「行動基準」の伝え方

どのような組織にも守るべき「行動基準」が存在する。組織をあるべき姿に保つために必要不可欠だからである。ところが、「行動基準」を全ての組織メンバーに徹底することほど困難なことはない。では、どうすれば「行動基準」は組織に浸透するのだろうか。

どのような組織にも守るべき「行動基準」が存在する。組織をあるべき姿に保つために必要不可欠だからである。ところが、「行動基準」を全ての組織メンバーに徹底することほど困難なことはない。では、どうすれば「行動基準」は組織に浸透するのだろうか。

「行動基準」を守らない社員たち

組織目標を達成するために必要となる、行動上の具体的なルールを「行動基準」と言う。たとえば、社員に守秘義務を課す企業の中には、「社外では業務の話を一切しない」、「内部で見聞きしたことを外で話さない」などの「行動基準」を設けているケースがある。

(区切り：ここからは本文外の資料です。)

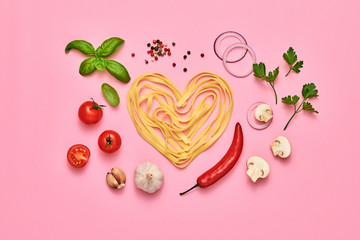 Tomato, basil, spices, champignons, garlic, pasta. Vegan food, creative composition on pink. Fresh basil, tomatoes layout, macaroni heart. Cooking. Italian pasta love concept, top view.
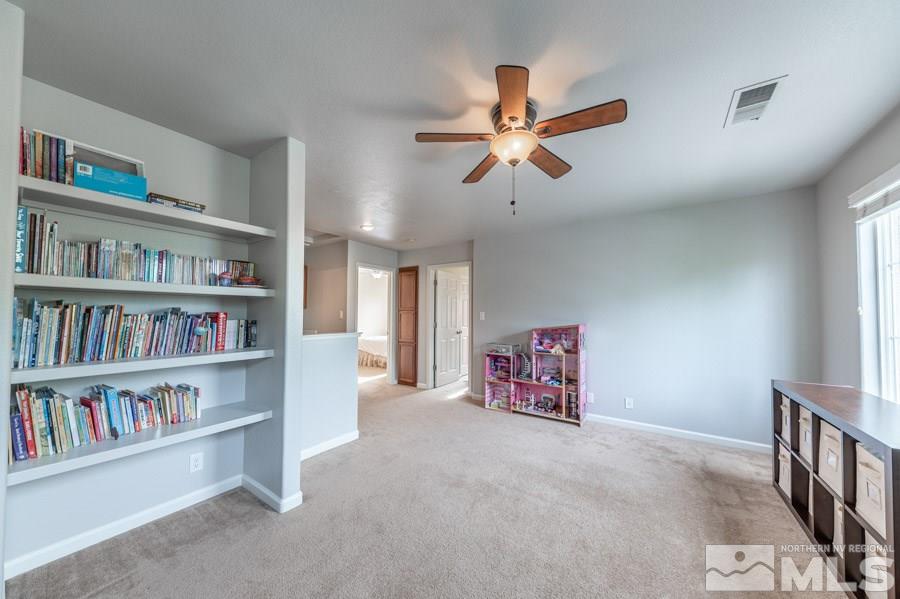 2104 Hazelcrest Drive Reno, NV 89521 - Photo 20 of 27 a view of a livingroom with a book shelf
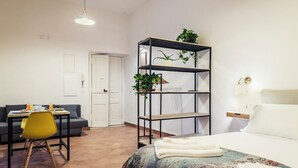 Una habitación moderna y luminosa con una cama, un escritorio con una silla, una estantería con plantas y una puerta.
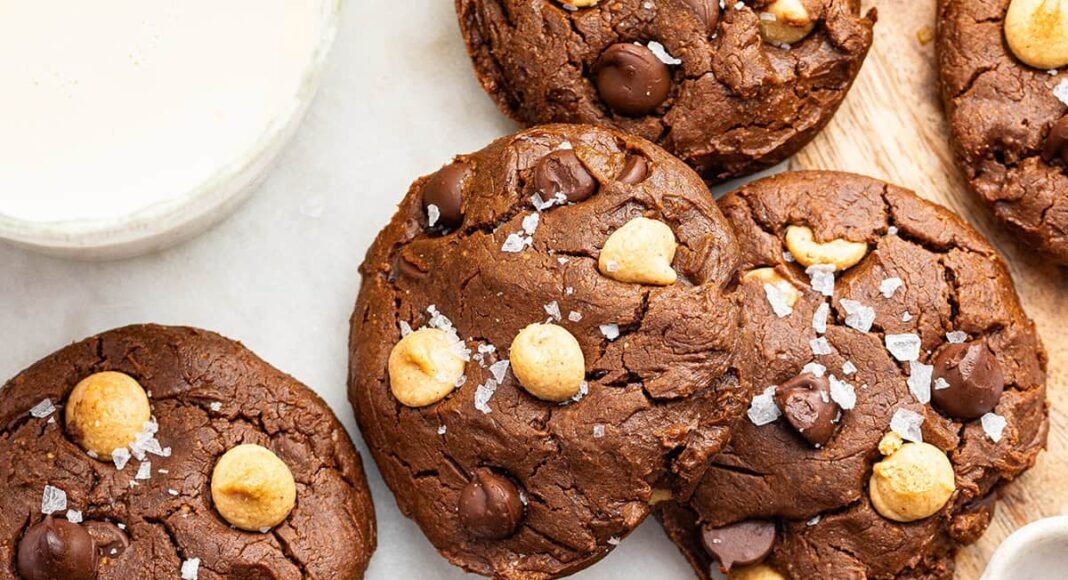 9 chocolate peanut butter cookies spread out on a counter. All of the cookies are topped with flaky sea salt.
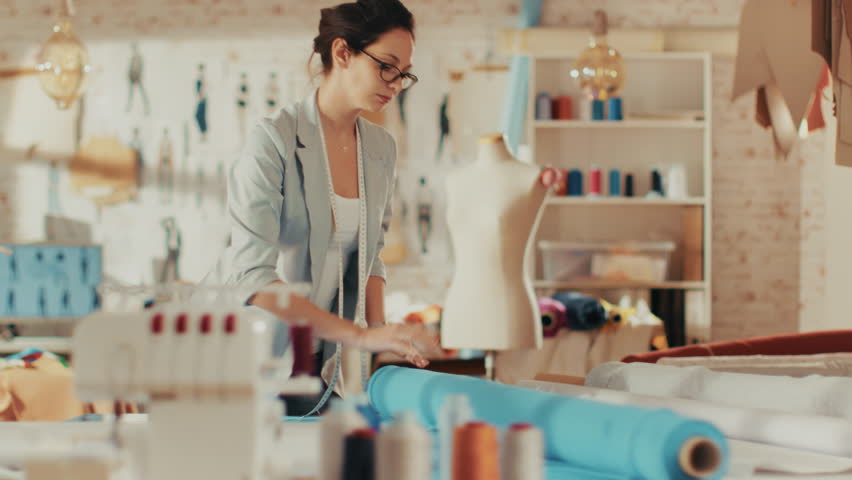 Beautiful Female Fashion Designer Adjusting Fabrics on a Tailored Mannequin. In Her Studio Various Sewing Items and Colorful Fabrics Laying around, Mannequins Standing, and Sketches Pinned.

ところが、そのような企業でこうしたルールが社員に徹底されているかといえば、必ずしもそうとは限らない。「通勤途上で同僚と仕事の話をする社員」、「社内で見聞きしたことを自宅で家族に話す社員」などが、少なからず存在するものである。なぜ、ウチの社員はルールが守れないのか、というリーダーの嘆きを聞くこともしばしばである。

多くの企業は、「行動基準」に関する指導を、入社時の研修の際に実施する。しかしその後は、不祥事などが発生しない限り、「行動基準」の継続的な教育指導は行わない企業が多いようである。

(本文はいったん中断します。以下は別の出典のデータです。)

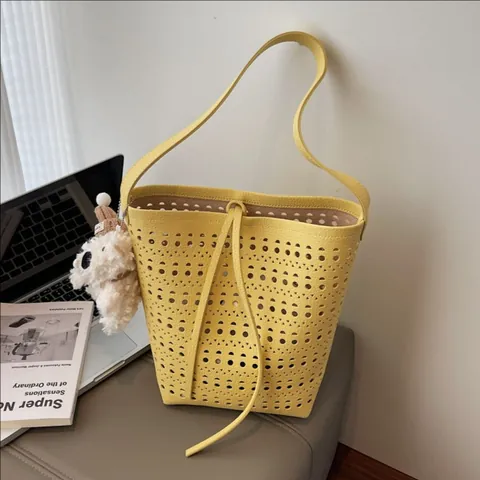 Women Laser Cut Hollow Out Bucket Bag With Plush Pendant PU Leather Single Shoulder Crossbody Handbag Niche Fashion Tote Bag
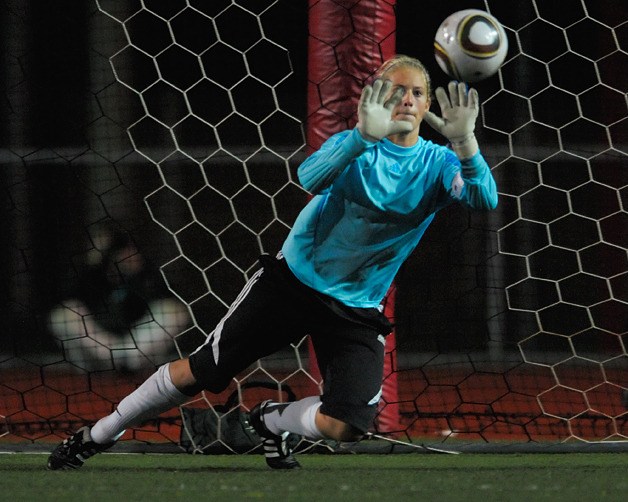 Rebel goal keeper Niki Fausset blocks Bellevue's final penalty kick attempt during an overtime shootout at Juanita on Wednesday.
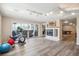 Finished basement exercise room featuring a fireplace and sliding glass doors to the outside at 4121 S Allison St, Denver, CO 80235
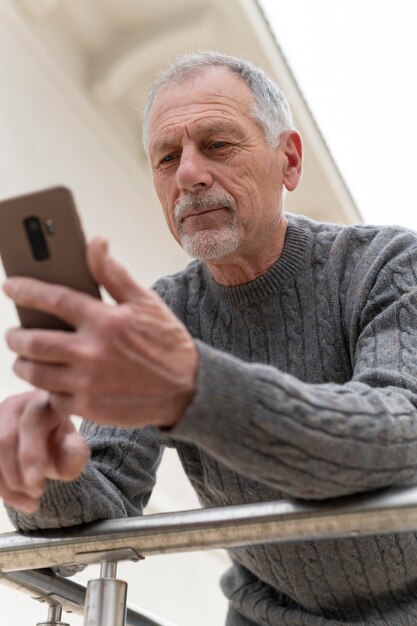 Modern elderly man outdoors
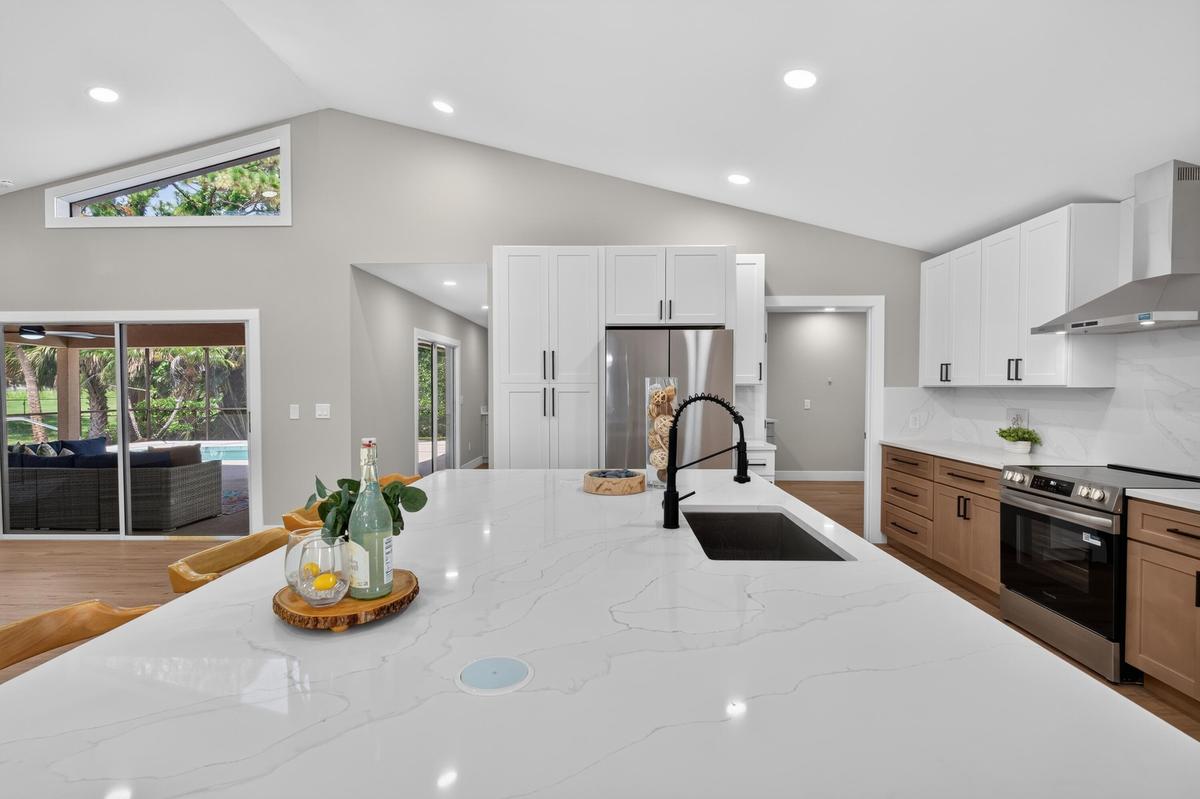 Gourmet kitchen featuring a large island with an undermount sink, a black matte pull-down faucet, and built-in power outlets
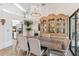 Elegant dining area with antique cabinet and modern chandelier at 7755 Pine Trace Dr # 7755, Sarasota, FL 34243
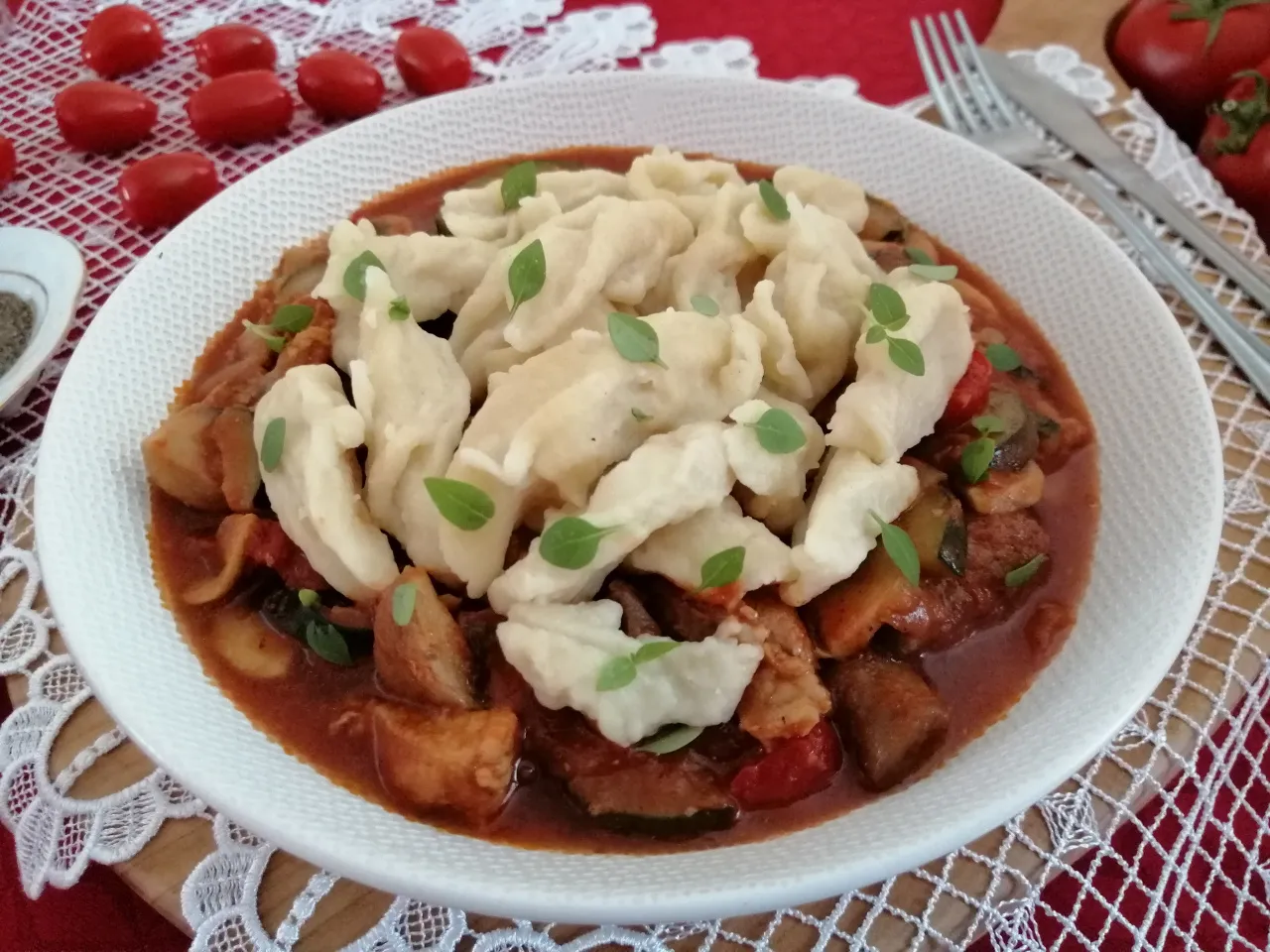 Kluski kładzione na talerzu z okrasą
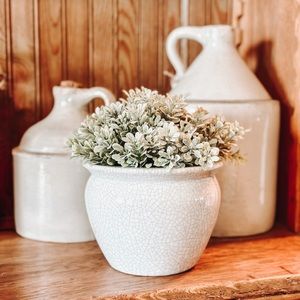 Gray and white glossy planter.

また、求められる行動を社員がいつでも目に触れられるように、社内に「行動基準」を明記したポスターを掲示する企業も多い。しかしながら、日々の業務の中で社員がポスターを見て自身の行動を振り返ることは、あまりないようである。

「行動基準」を遵守するのは社員にとって簡単なことではない。守るべき事項が、相応の努力を伴う行為であればなおさらである。たとえば、前述の「社外では業務の話を一切しない」というルールは、「自分の話を聞いてほしい」という、人間に備わる基本的な欲求に反する決まり事とも言え、かなりの自覚と努力がなければ遂行は困難である。

そのため、入社時に説明した後、ポスターで注意喚起をする程度の取り組みではルールを守れず、どうしても“好ましくない行動”に走る社員が出てしまうものである。

「行動基準」はリーダー自身の言葉で繰り返し伝える

組織メンバーに遵守を求める「行動基準」は、1度や2度、伝えただけで全てのメンバーが完全に守ることなど、決してあり得ない。何度も何度も繰り返し指導することが、どうしても必要になる。

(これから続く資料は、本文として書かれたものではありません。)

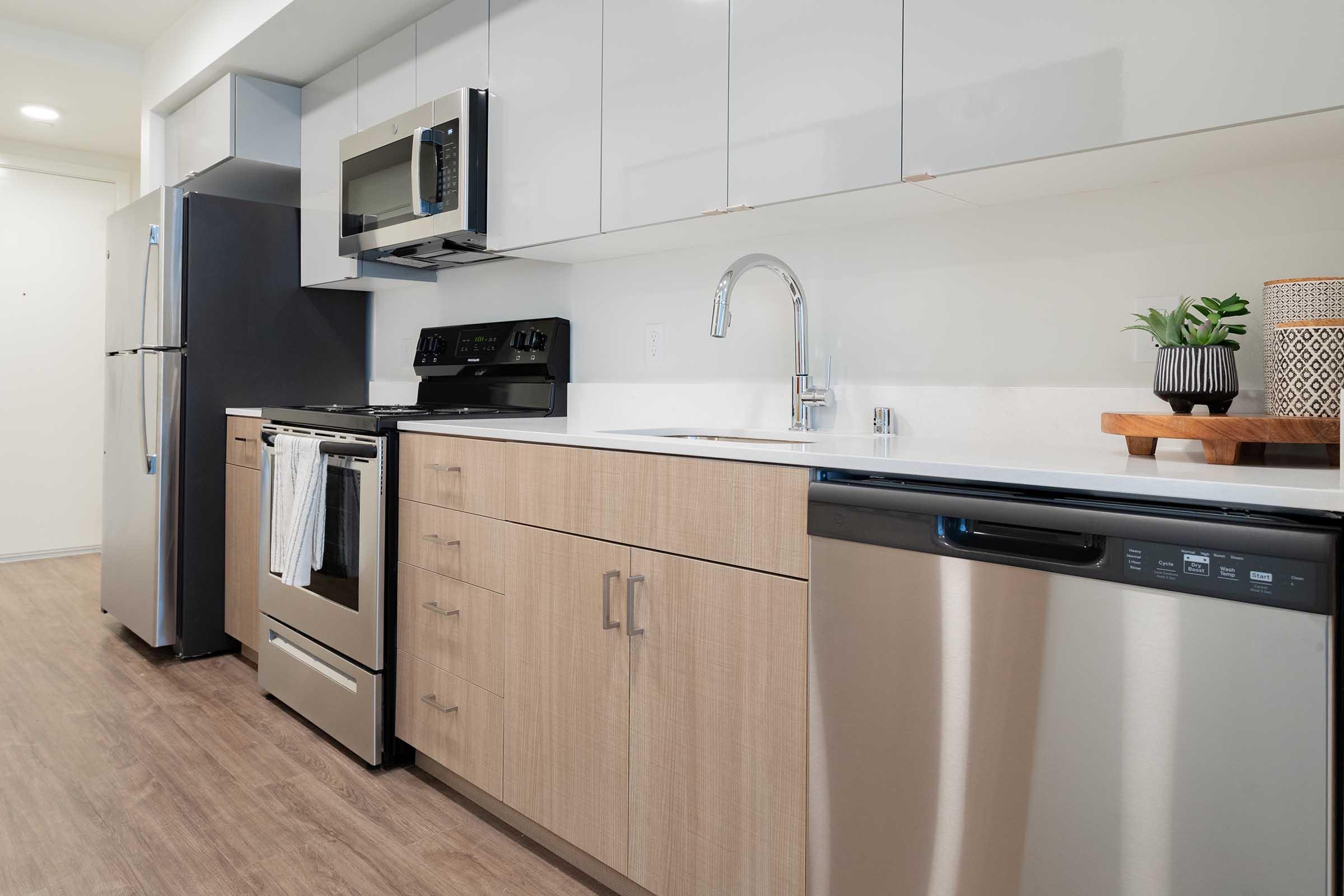 Modern kitchen featuring a stainless steel refrigerator, microwave, and oven. Light wood cabinets contrast with sleek gray countertops. A stainless steel dishwasher is integrated beneath the counter. A small plant and decorative container are displayed on a wooden shelf, adding a touch of greenery to the space.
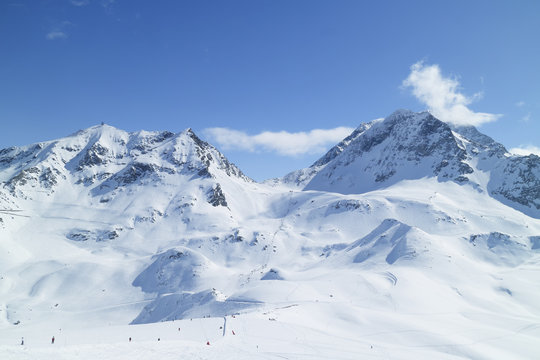 Alpine resort of Les Arcs with ski slopes on snowy French Alps mountains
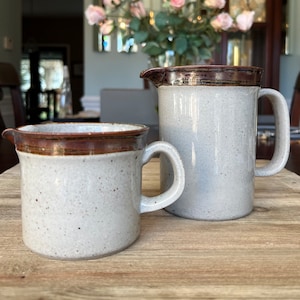 May include: A set of two ceramic jugs with a speckled glaze and brown trim. The larger jug has a handle and a spout. The smaller jug has a handle. Both jugs are on a wooden surface.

「社外では業務の話を一切しない」などのように、守るためにはかなりの自覚と努力が必要な基準の場合には、入社時の研修で指導した後も、毎日、毎日、しつこいくらいに注意喚起をしてはじめて、組織メンバーに「行動基準」を踏まえた“好ましい行動”が定着するのである。

また、誰が指導するかによっても差異が発生する。最も効果が高いのは、リーダー本人の口から直接、組織メンバーに伝える方法である。これに対し、先輩社員に後輩社員を指導させるというやり方は、教育指導が形骸化するケースがあり、教育効果が実現しにくいようである。

たとえば、何度も例にあげる「社外では業務の話を一切しない」など、守ることが容易ではないルールについては、先輩社員が真にその意義と重要性を理解し、後輩社員の心を揺り動かすような伝え方ができないと、高い教育効果は発揮されない。単に研修マニュアルを用いた形式的な説明では、けっして後輩社員の行動変容に結び付くことはない。

相手の心を揺り動かすような伝え方。このような伝え方は、リーダーが最もできる可能性が高い。したがって、事情が許す限り、極力、リーダーが自分自身の言葉で「行動基準」を伝えることが、組織メンバーの“好ましい行動”を引き出すポイントになる。

もしも、「なぜ、ウチの社員はルールが守れないのか」という疑問を感じることがあるのであれば、誰がどのような頻度で「行動基準」を伝えているのかをぜひ確認してほしい。その結果、社員が“好ましい行動”を取れていない原因が、リーダーである自分自身にあることに気づくこともあるかもしれない。